Cheney's Law
David Bromwich/Huffington Post
Americans were brought up to think about a person mistreated by authority (however lawful the authority): "You can't do that to him!--a man's got his rights." The goal, in morals and manners, of the Cheney mutation is to replace that libertarian presumption by a timid, resigned, and docile acceptance: "Too bad; he must have done something wrong if they're doing this to him." The reform of manners is not yet complete, but, every day, bad laws assist the process of coarsening and brutalization.
Conspiracy is a word that Americans on the clever side of thirty tend to reject. We acknowledge, because history tells us, that there were conspiracies in the distant past, among the assassins of Julius Caesar for example, or the privy councilors of Charles II, who owed their nickname, "the Cabal," to the surnames Clifford, Arlington, Buckingham, Ashley, and Lauderdale. And there was the Night of the Long Knives. But there has not been an important conspiracy close to our time; certainly not in America: that is the doctrine.
We need another word, then, to describe a series of actions concerted by men of power, executed with elaborate concealment for a determined end, in violation of all the ordinary procedures of government and in deliberate defiance of the law.Such was the path of the change devised in 2001-02 for the prisoners captured in the field in Afghanistan. The vice president and his lawyer, David Addington, held that captives were to be transported without notice to a prison sealed off from the jurisdiction of American laws, or any other system of laws. There they would be sorted and processed into Special Tribunals.

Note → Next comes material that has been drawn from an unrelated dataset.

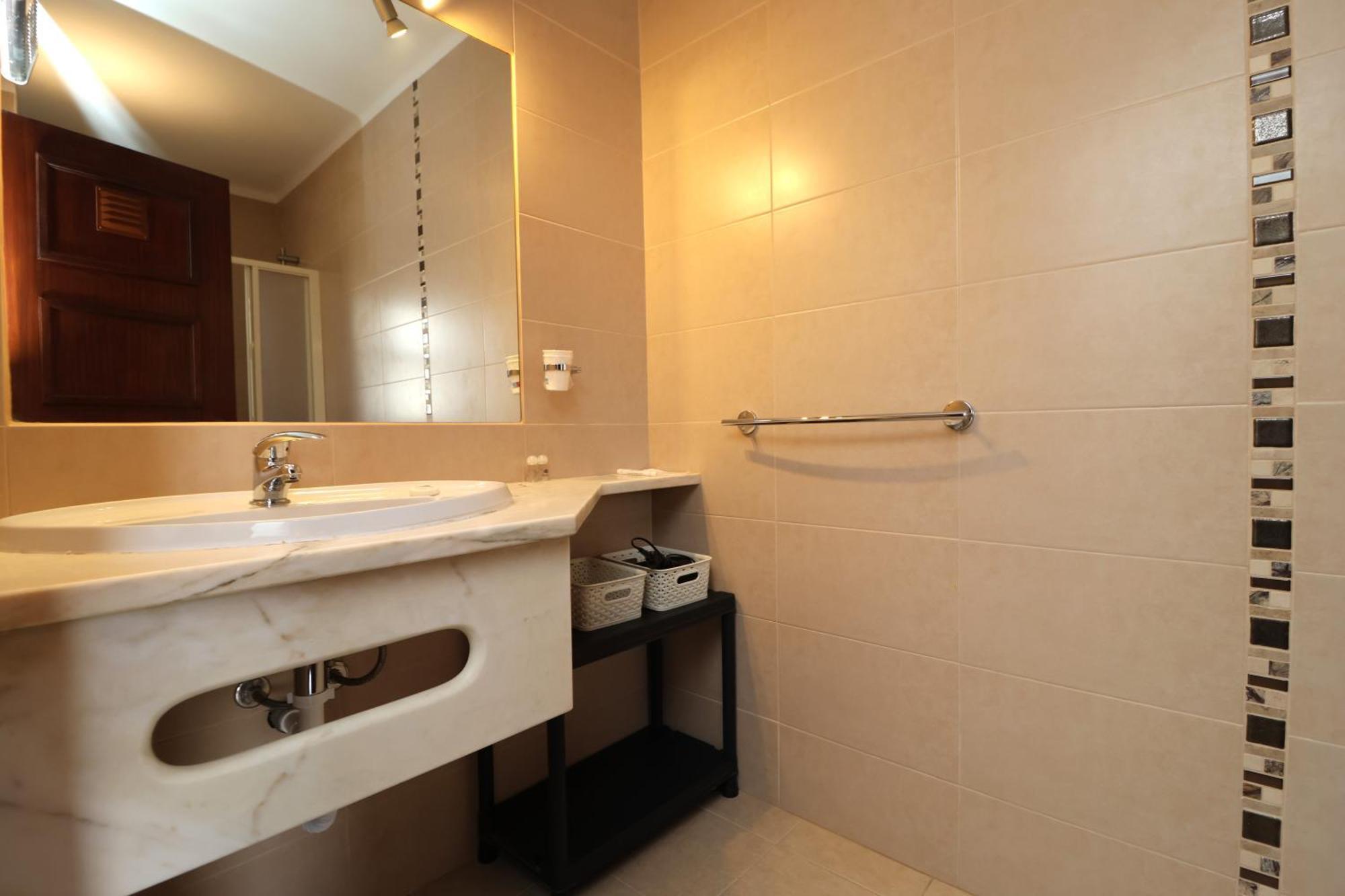 Camelia 89 Sao Rafael - Albufeira, Algarve Appartement Buitenkant foto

All discussions of the meditated change excluded the responsible officials in the department of state. Pierre-Richard Prosper, interviewed in Cheney's Law, reports that he studied the question for Colin Powell and reached a conclusion at variance with Cheney and Addington. He should have seen their proposal, but he never did. Rather, the executive order was routed through the corridors of the White House with the stealth of a burglar on a well-cased street. By the time it passed under the president's pen, it had changed hands four times; and these were not the usual hands. John Bellinger, the lawyer for the national security staff, never set eyes on the new understanding. Colin Powell first heard of it on the television news.

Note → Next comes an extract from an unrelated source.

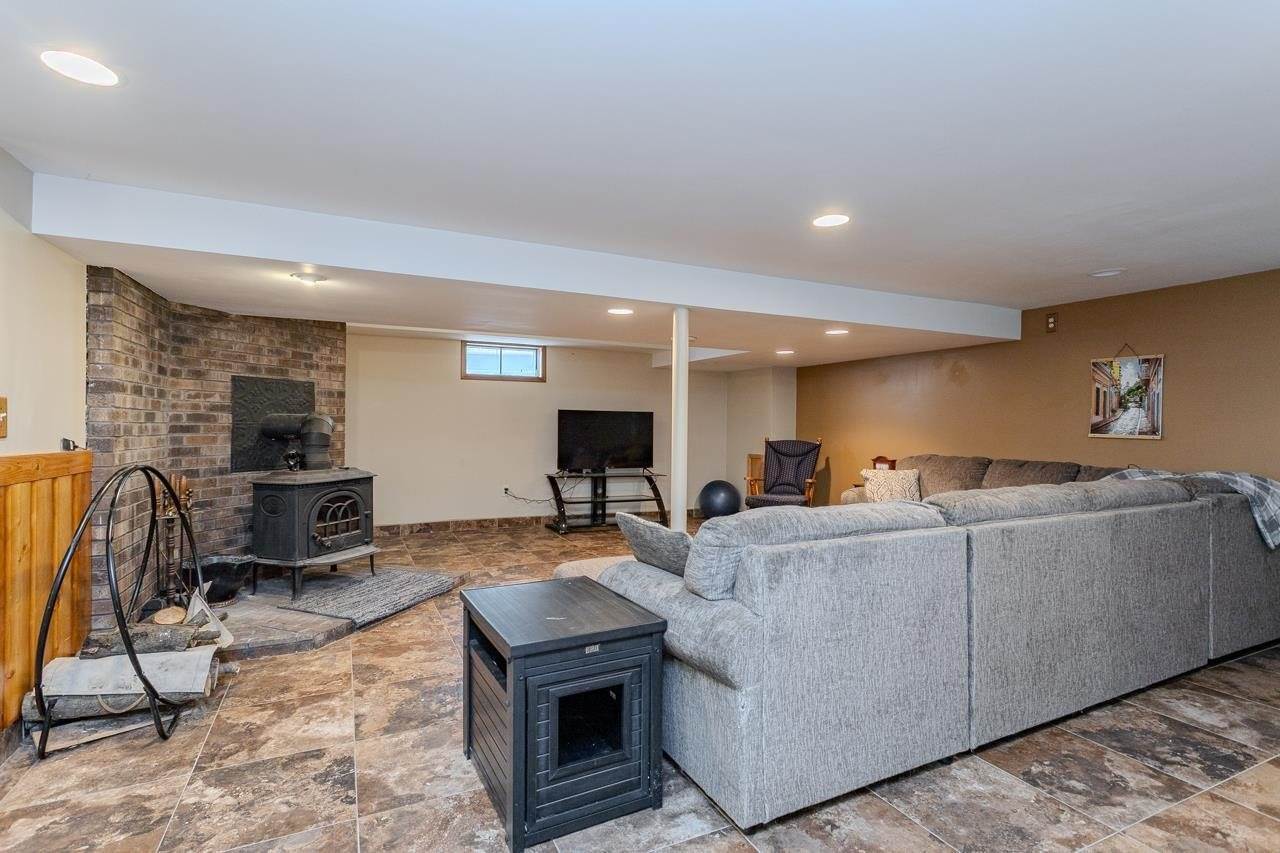 1019 Monroe Street, Wausau, WI 54403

Warrantless wiretaps were meant to pass quietly into law by a similar circuit of evasion; but Cheney and Addington were tripped up by one of those accidents that haunt the most cunning of stratagems. A sick man in a hospital bed, who happened to be the attorney general, remembered he had sworn an oath to uphold the laws; and when he took that oath, he had not made a private reservation that the laws he upheld might just as well be laws contrived in secret. Cheney and Addington did not predict the cussedness or the integrity of John Ashcroft. Still, in the assault on FISA, it took the threat of more than thirty resignations from the justice department to convince the president to back down and compromise.